Thames Water Utilities‘ Dinah Hillier confirmed at the BCPC seminar in Glasgow that the firm is to ask the Pesticides Safety Directorate to outlaw isoproturon.
Diffuse IPU pollution from fields costs far too much to clean up, explained Dr Hillier.
“We have to face the fact that the scale of the problem is too large and, like atrazine, bite the bullet and ban it.”
Bayer CropScience‘s product stewardship manager Steve Higginbotham countered that the call for a ban was “premature and risks undermining the Voluntary Initiative”.

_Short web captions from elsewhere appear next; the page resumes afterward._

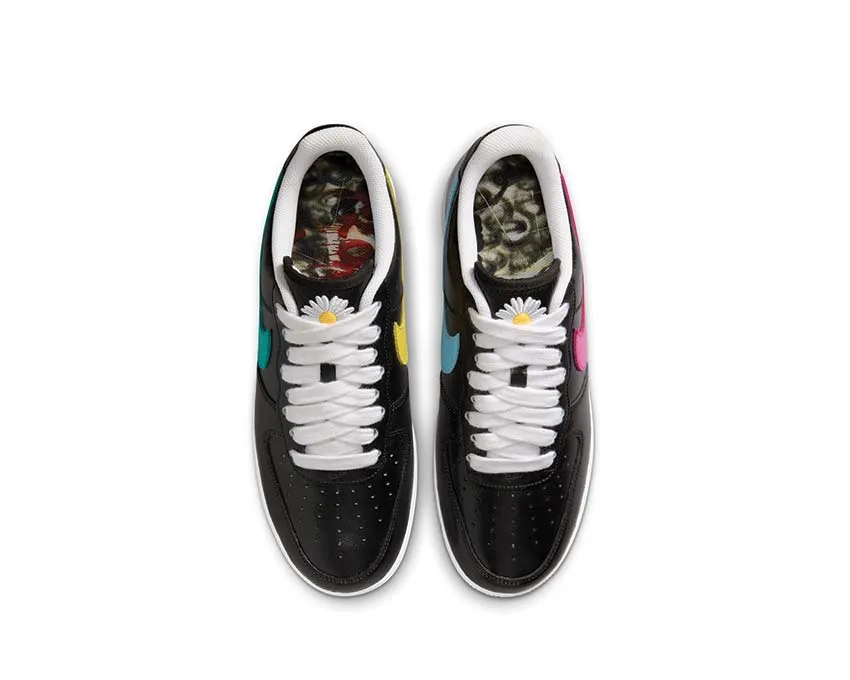 Nike x PEACEMINUSONE Air Force 1' 07 Paranoise 3.0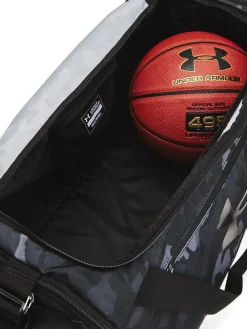 Under Armour Coal Black Undeniable 5.0 Medium Duffle Bag^ Bags
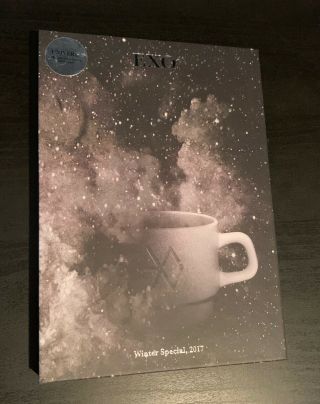엑소 Exo 2017 Winter Special Album - Universe (no Pc)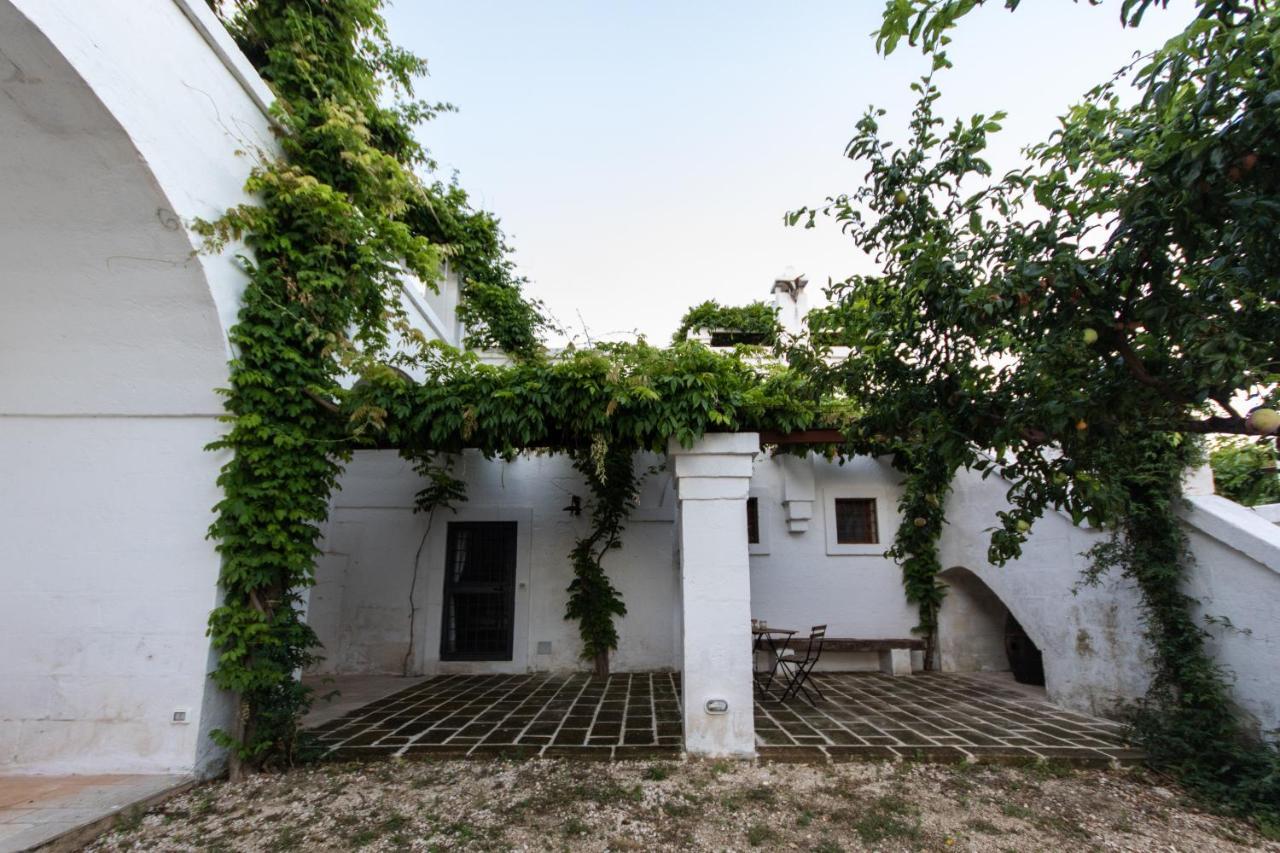 Masseria Parco Di Castro Montalbano  Exterior foto
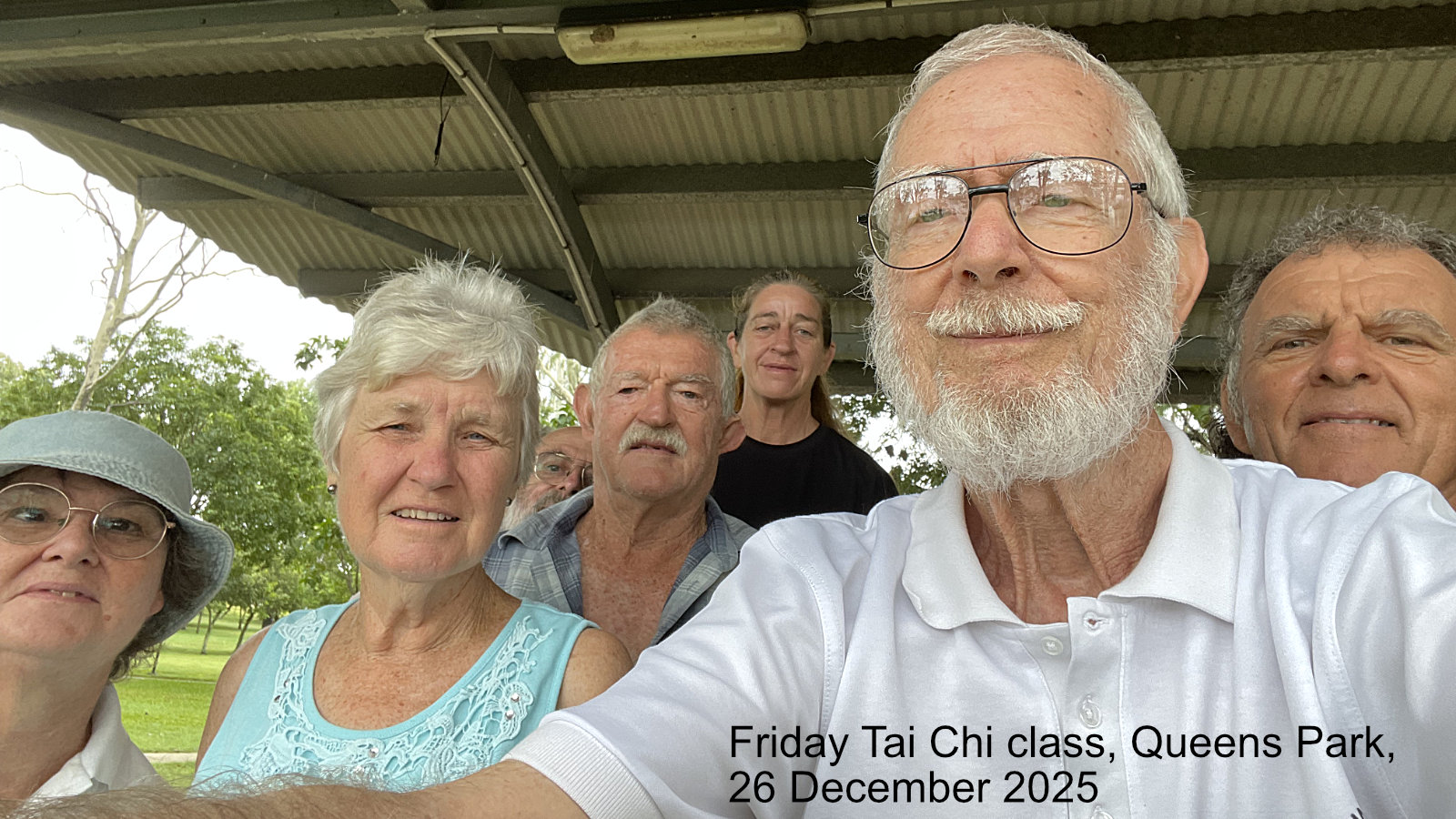 Friday class December 2025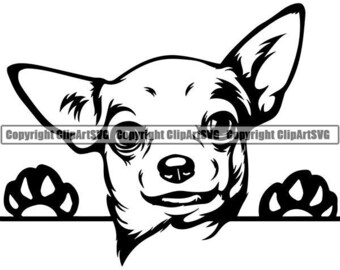 Free Free 111 Chihuahua Svg Free Download SVG PNG EPS DXF File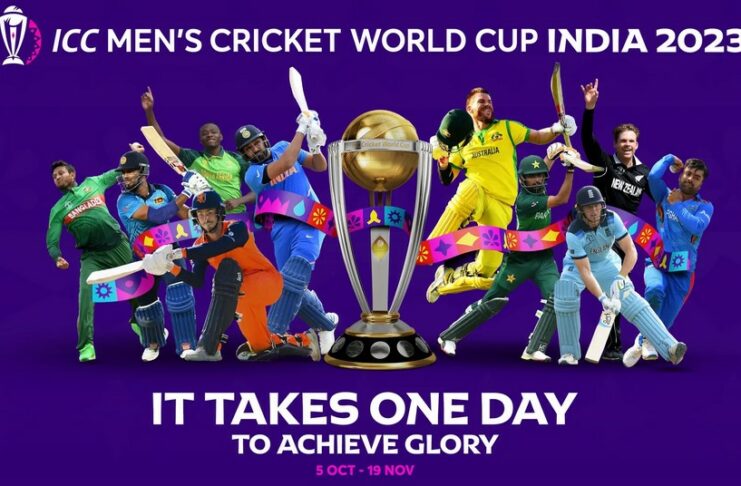 ICC Men’s Cricket World Cup 2023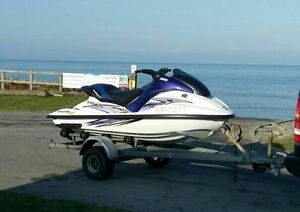 Yamaha gp1300r jet ski riva racing limited edition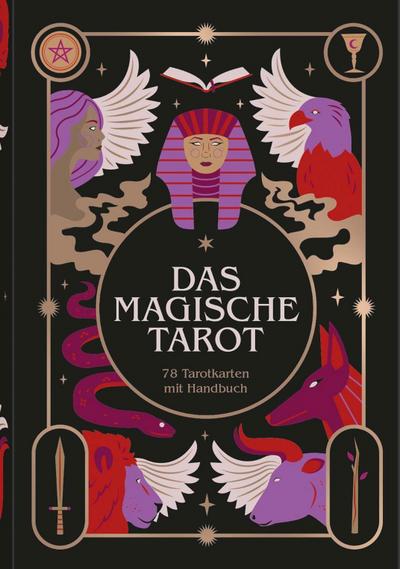 Das magische Tarot
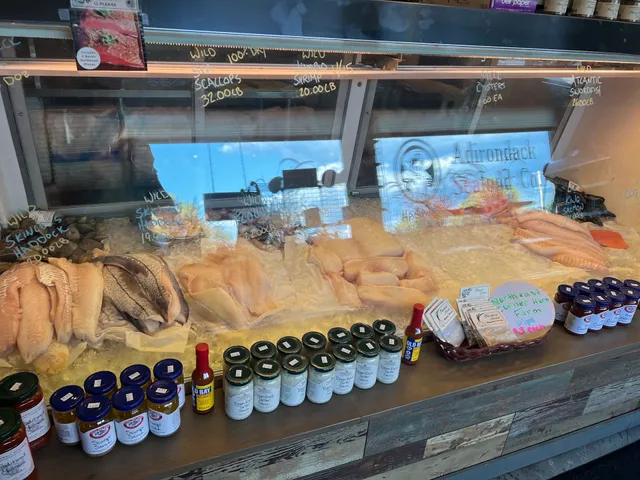 Adirondack Seafood Company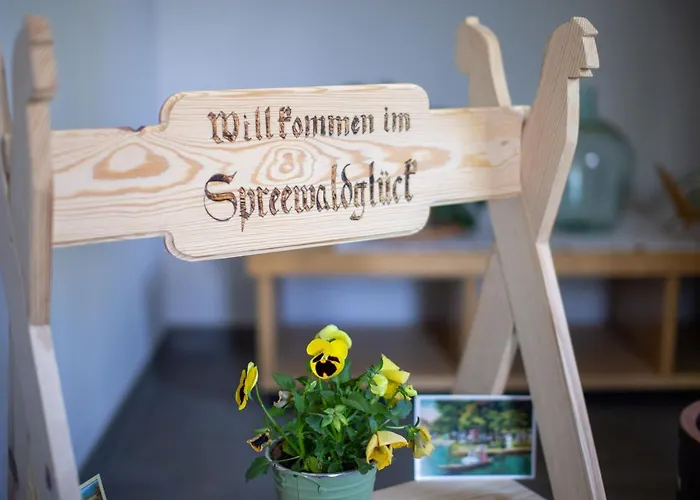 Ferienwohnung Spreewaldglueck
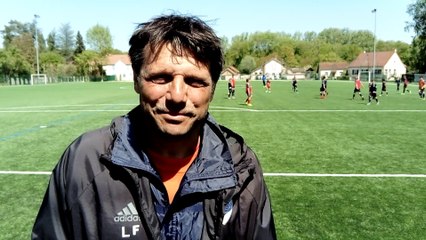 Interview de fin de stage - Laurent FOURNIER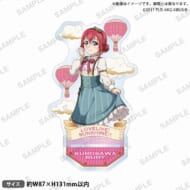 ラブライブ!スクールアイドルフェスティバル アクリルスタンド Aqours スチームパンクver. 黒澤ルビィ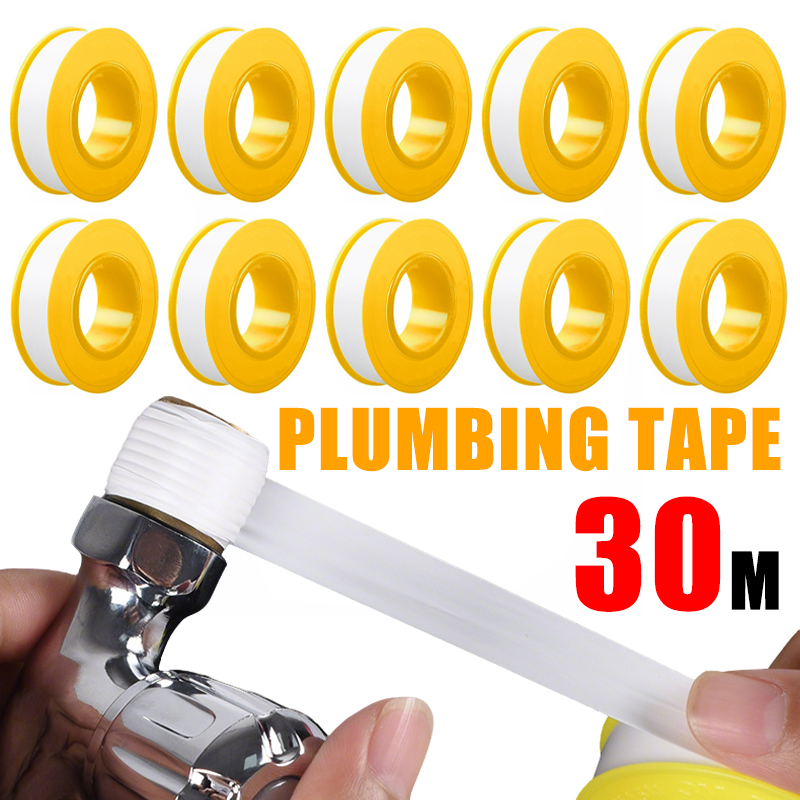 Cinta de sellado de roscas de  - Plumbing Tape Ptfe reseña y precio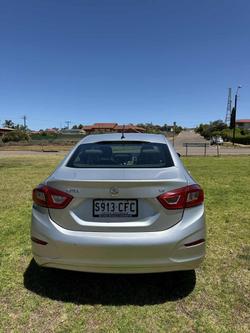 2017 Holden Astra LS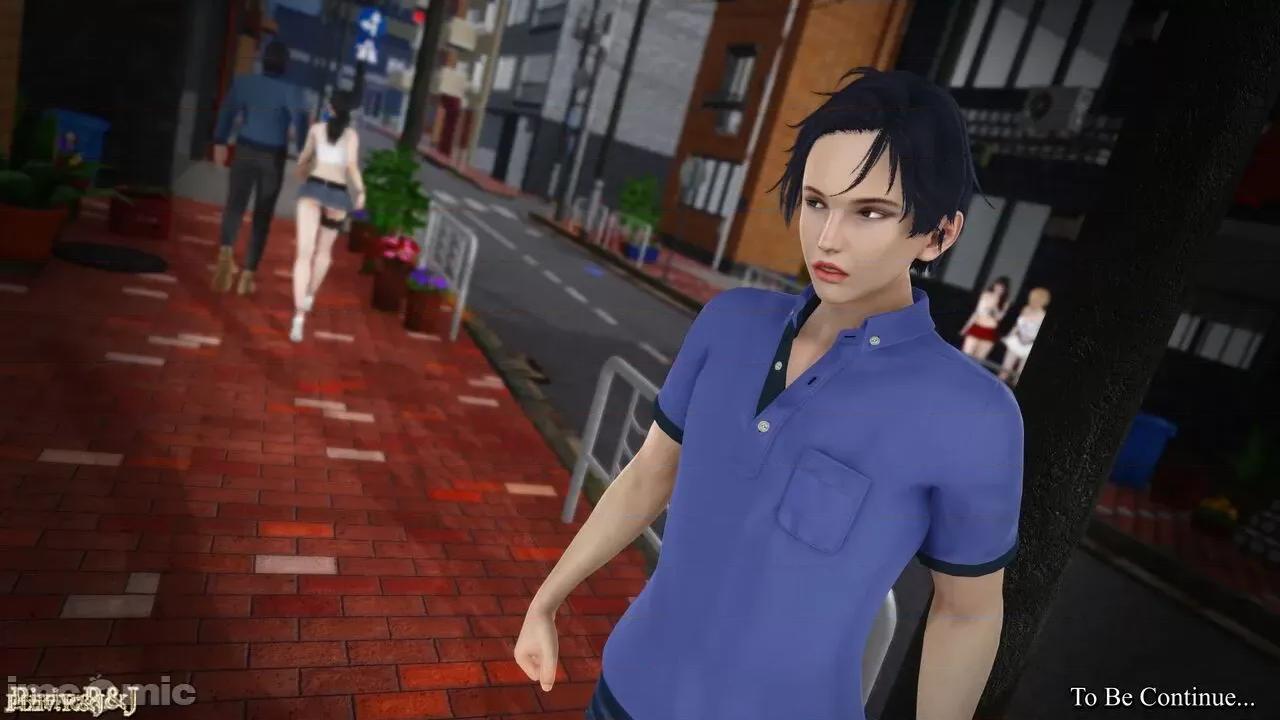 自由都市 [R＆J] 自由都市 14 第166页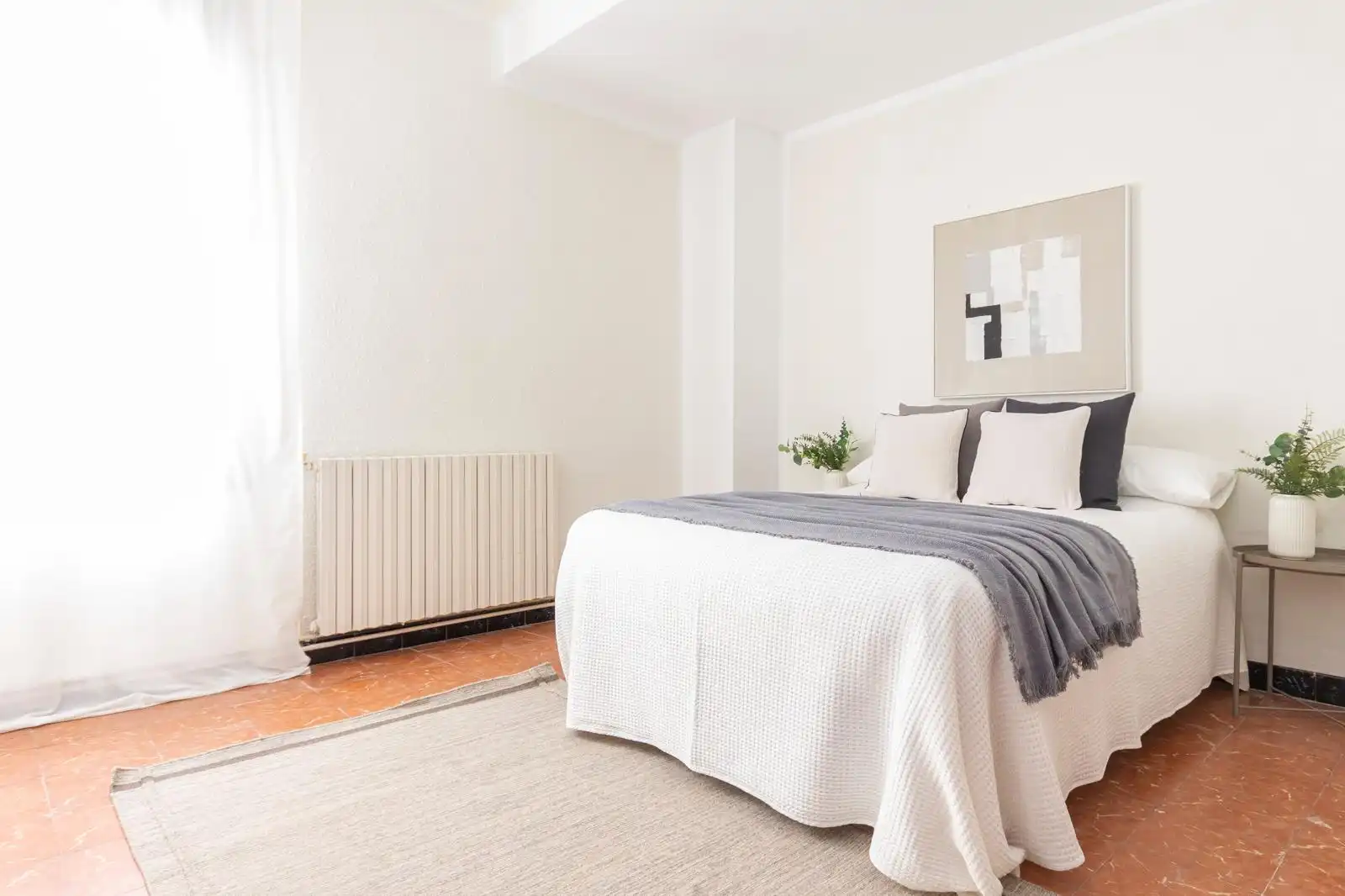 Habitación de Piso en venta en Terrassa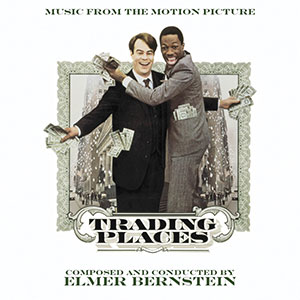 Trading Places Music Bernstein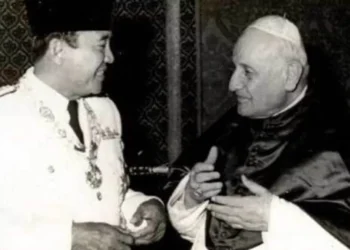 Sejarah Kunjungan Para Pemimpin Indonesia ke Vatikan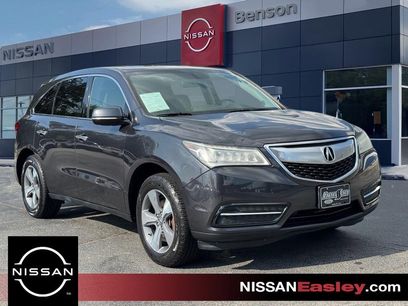 Used 2016 Acura MDX SH-AWD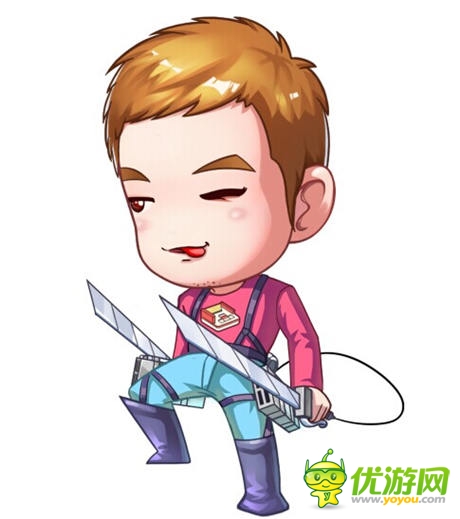 兵團(tuán)調(diào)查《愛情公寓》團(tuán)長展博&汽車人沃克曼強(qiáng)力來襲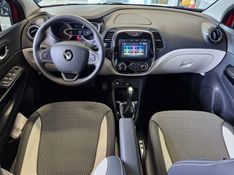 Renault CAPTUR 1.6 16V SCE FLEX INTENSE X-TRONIC 2018/2019 DRSUL SEMINOVOS CAXIAS DO SUL – LAJEADO – SANTA CRUZ DO SUL / Carros no Vale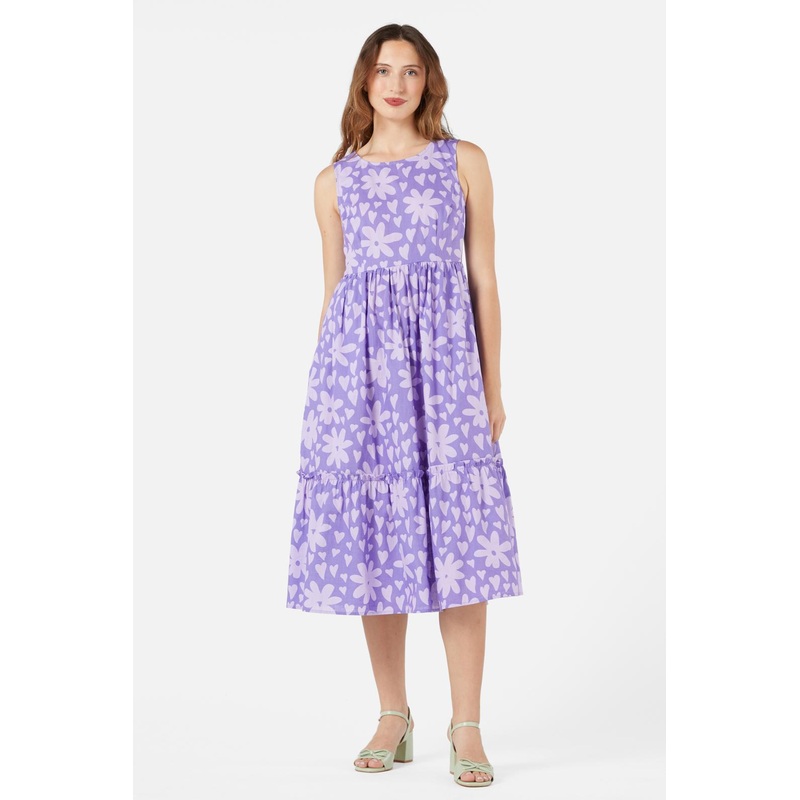 Valentina Midi Dress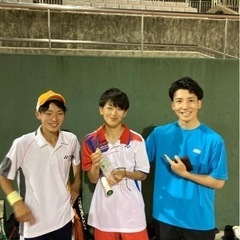 6/10(金)〜13(月) TSTAソフトテニス部！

“IPU is still a very valuable herbicide and there is no reason to ban it. It satisfies the requirements of Annex I listing which demonstrates no environmental impact through correct use.”
Losing IPU, a valuable component in blackgrass control programmes, would be an agronomic blow, added ProCam’s David Ellerton.
“If we had a ban it would have big resistance implications.”
TWU‘s move comes despite VI efforts to cut the amount getting into the rivers TWU uses to produce most of its drinking water.
Dr Hillier acknowledged that good progress had apparently been made in lowering IPU levels in the Cherwell river in Oxon, the site of a VI exercise to monitor farm practices‘ impact on water contamination.
Indeed, last season saw a dramatic fall in the amount reaching the river, nearly achieving the VI‘s target of a 50% reduction.
“It sounds good news, but I have a word of caution. The river flow in 2003/04 was the lowest in seven years.”
Rainfall largely determines how much of the herbicide reaches the river, and diffuse, not point source, pollution is the main culprit, she pointed out.
She took issue with the VI view that 40% comes from farmyards during sprayer filling and cleaning.
“Our data suggest that in bad [wet] seasons 90% comes from fields. Tinkering around with activities in the farmyard will not help with IPU. It may do with other chemicals, but not IPU.”